- Genre: Nordic noir
- Based on: The Darkness by Ragnar Jónasson
- Written by: Sam Shore, Kacie Stetson, Hannah Marshall, Óttar Nordfjord
- Directed by: Lasse Hallström
- Starring: Lena Olin
- Countries of origin: United States Iceland
- Original language: English
- No. of series: 1
- No. of episodes: 6

Production
- Executive producers: Ragnar Jónasson; Greg Silverman; John-Paul Sarni; Kristinn Thordarson; Leifur B. Dagfinnsson; Samuel E Shore;
- Production companies: CBS Studios; Truenorth; Stampede Ventures;

Original release
- Network: SkyShowtime
- Release: 11 September 2024 (Iceland)

= The Darkness (TV series) =

Nordic noir television series

The Darkness is a 2024 Nordic noir television series. The Icelandic / American co-production is based on the Ragnar Jónasson novel of the same name. It is directed by Lasse Hallström and stars Lena Olin.

==Plot==
Detective Inspector Hulda Hermannsdóttir is given a shocking new murder case, on the cusp of early retirement. Some hikers have discovered the frozen body of a young woman in a glacier. Her new partner assigned to the case, Lukas, has recently arrived from England.

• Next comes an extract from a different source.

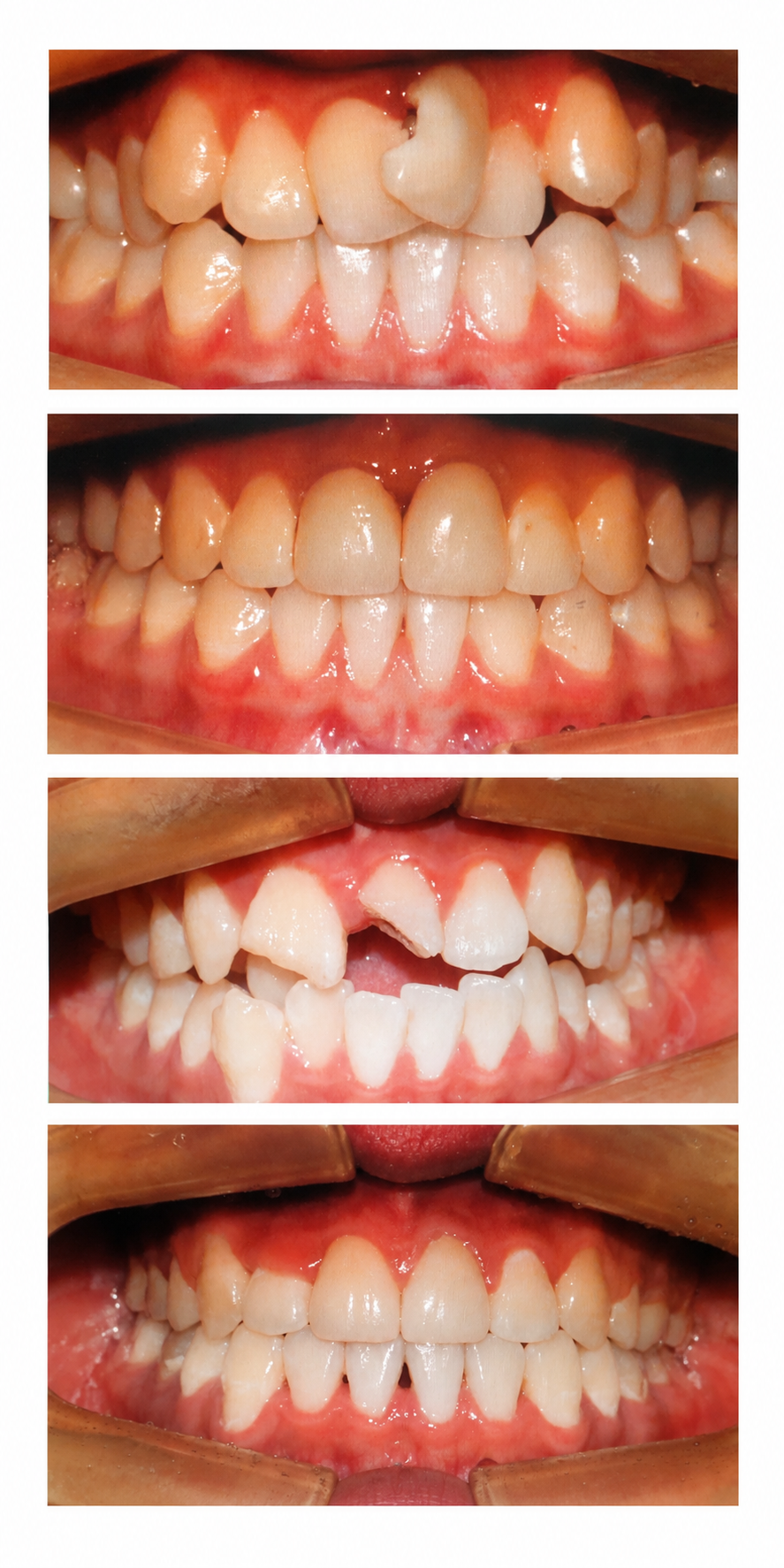Orthodontics + prosthetics before and after at Baro Dental Clinic Busan — orthodontic case 35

Hermannsdóttir is haunted by the suicide of her daughter a year previously, which has also caused tensions in her marriage to Jon, as she is unable or unwilling to talk about it. There is also reference to her own childhood trauma. Her neighbour, Petur, is a widower whose dog regularly wanders over to her house, and she strikes up a friendship with him.

==Cast==
- Lena Olin as Detective Inspector Hulda Hermannsdóttir
- Jack Bannon as Lukas, Hermannsdóttir new partner
- Douglas Henshall as Petur, Hermannsdóttir's neighbour
- Þorsteinn Bachmann as Jon, Hermannsdóttir's husband
- Björn Hlynur Haraldsson as Magnus
- Þorvaldur Davíð Kristjánsson
- Tora Hallström as Alexander
- Ahd Tamimi
- Árni Þór Lárusson
- Eva Dögg Atladóttir
- Hrafnhildur Ingadóttir as Naomi
- Olafur Darri Olafsson as Aki

==Production==
===Development===
A prospective series adaptation of the book series by Icelandic author Ragnar Jónasson from CBS Studios and Truenorth was in development in September 2020.

An English-language six-episode series adaptation of the thriller series of books by Ragnar Jonasson was announced in October 2023, with Lasse Hallstrom as director and Lena Olin as Detective Inspector Hulda Hermannsdóttir. It is produced by CBS Studios and Truenorth and executive produced by Stampede Ventures.

The Darkness is written by Sam Shore, with he and Jónasson serving as executive producers, with Greg Silverman and John-Paul Sarni executive producers for Stampede Ventures and Kristinn Thordarson and Leifur B. Dagfinnsson executive producers for Truenorth.

===Casting===
In January 2024, Jack Bannon, Douglas Henshall, and Björn Hlynur Haraldsson joined the cast.

===Filming===
Filming locations include Reykjavík. Principal photography began in January 2024.

==Broadcast ==
The Darkness premiered in Iceland on 12 September 2024.

The series was broadcast on SBS Television in Australia from 9 January 2025, with all episodes available on its streaming service SBS on Demand on the same date.

==Reception ==
Anthony Morris of SBS Television praised Olin's performance as Detective Hulda Hermannsdóttir, saying that it "might be her most impressive role to date".